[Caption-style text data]
━━━━━━
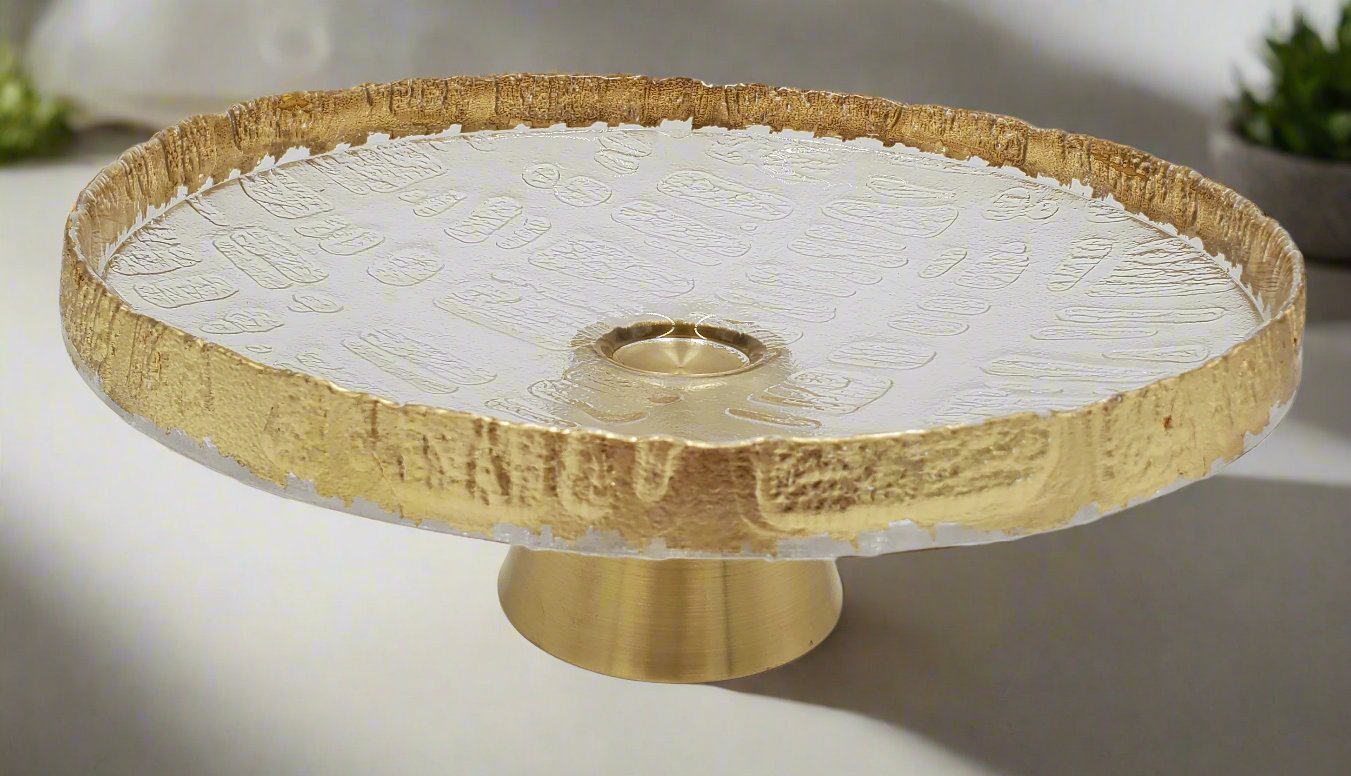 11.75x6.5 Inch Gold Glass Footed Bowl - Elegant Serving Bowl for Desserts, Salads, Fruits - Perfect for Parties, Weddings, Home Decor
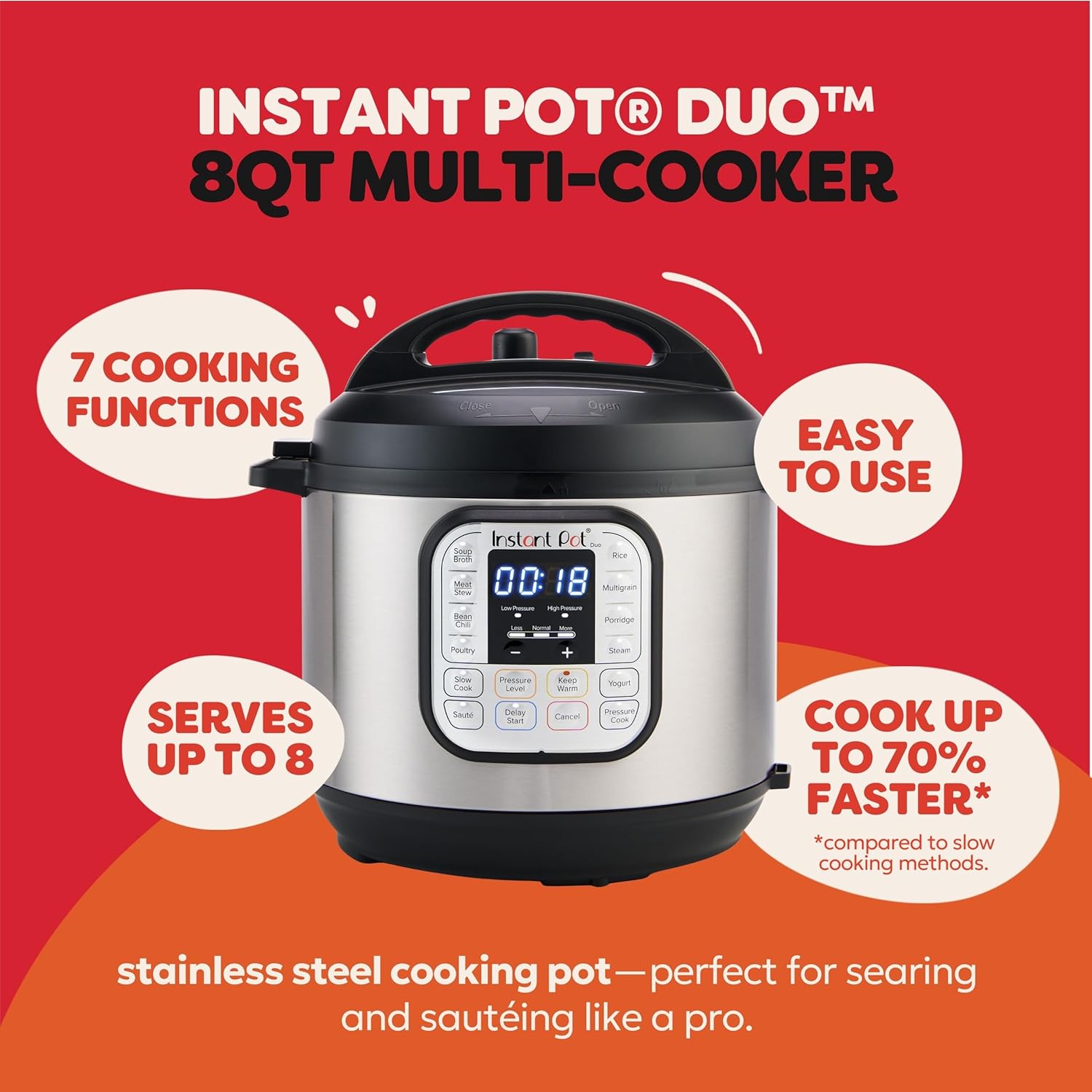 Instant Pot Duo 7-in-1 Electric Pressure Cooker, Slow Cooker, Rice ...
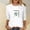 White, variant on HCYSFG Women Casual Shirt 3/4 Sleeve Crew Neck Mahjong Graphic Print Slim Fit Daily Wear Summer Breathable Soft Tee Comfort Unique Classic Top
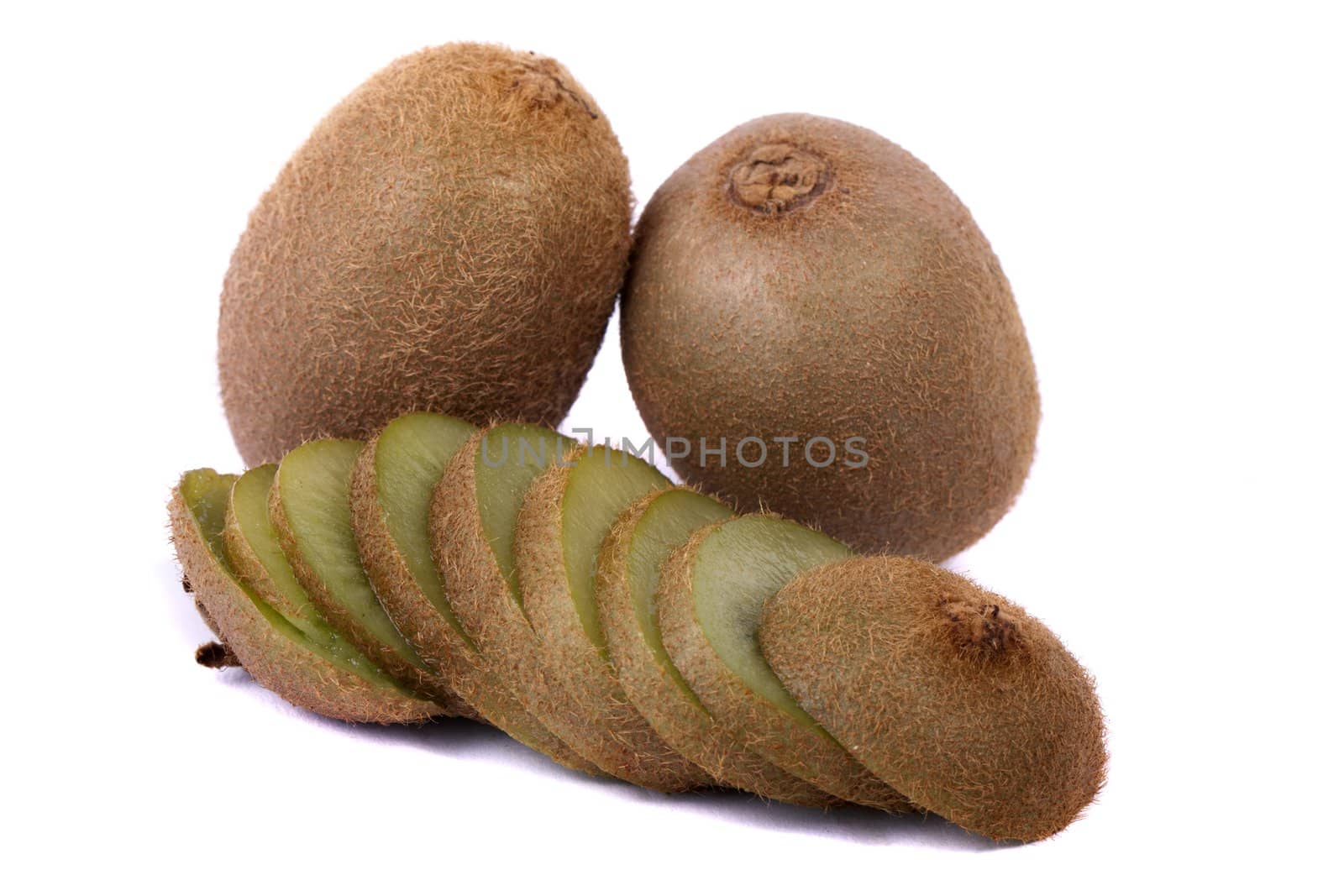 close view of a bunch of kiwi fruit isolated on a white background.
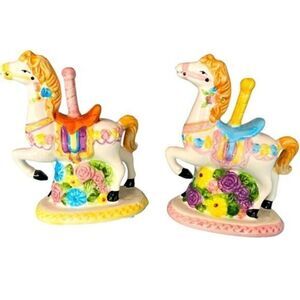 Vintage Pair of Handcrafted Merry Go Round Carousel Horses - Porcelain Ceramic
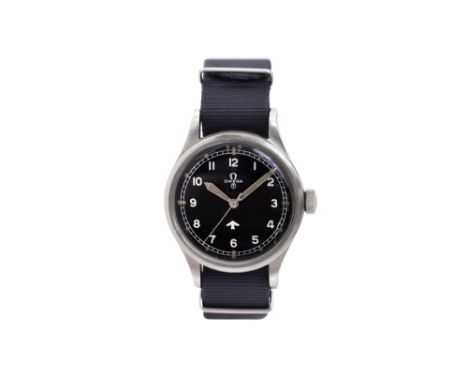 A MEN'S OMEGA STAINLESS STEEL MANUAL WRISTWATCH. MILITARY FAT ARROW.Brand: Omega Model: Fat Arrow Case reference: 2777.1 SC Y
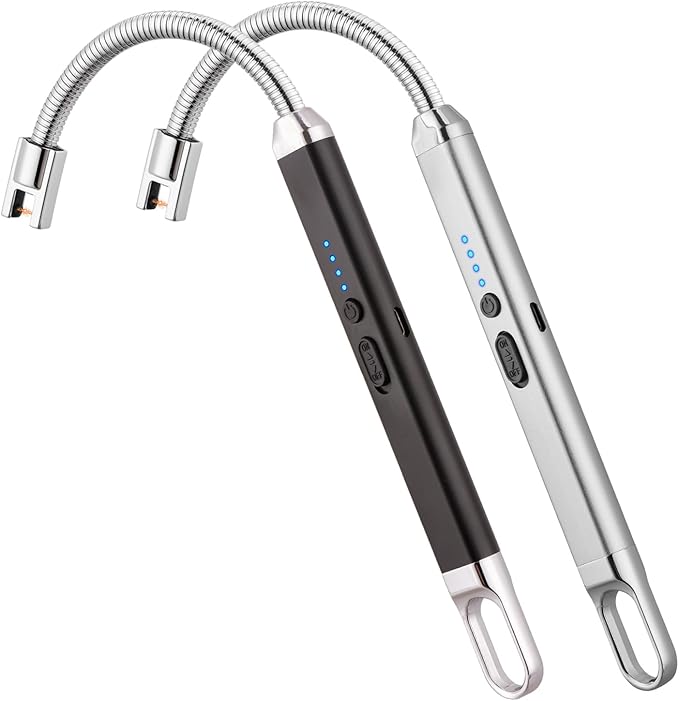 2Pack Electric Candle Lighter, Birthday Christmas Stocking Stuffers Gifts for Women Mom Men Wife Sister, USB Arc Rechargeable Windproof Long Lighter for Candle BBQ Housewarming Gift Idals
━━━━━━
(TASK ITEM) Set down the records again verbatim, with no pictures.

(PROBLEM SOLUTION)
 11.75x6.5 Inch Gold Glass Footed Bowl - Elegant Serving Bowl for Desserts, Salads, Fruits - Perfect for Parties, Weddings, Home Decor
 Instant Pot Duo 7-in-1 Electric Pressure Cooker, Slow Cooker, Rice ...
 White, variant on HCYSFG Women Casual Shirt 3/4 Sleeve Crew Neck Mahjong Graphic Print Slim Fit Daily Wear Summer Breathable Soft Tee Comfort Unique Classic Top
 close view of a bunch of kiwi fruit isolated on a white background.
 Vintage Pair of Handcrafted Merry Go Round Carousel Horses - Porcelain Ceramic
 A MEN'S OMEGA STAINLESS STEEL MANUAL WRISTWATCH. MILITARY FAT ARROW.Brand: Omega Model: Fat Arrow Case reference: 2777.1 SC Y
 2Pack Electric Candle Lighter, Birthday Christmas Stocking Stuffers Gifts for Women Mom Men Wife Sister, USB Arc Rechargeable Windproof Long Lighter for Candle BBQ Housewarming Gift Idals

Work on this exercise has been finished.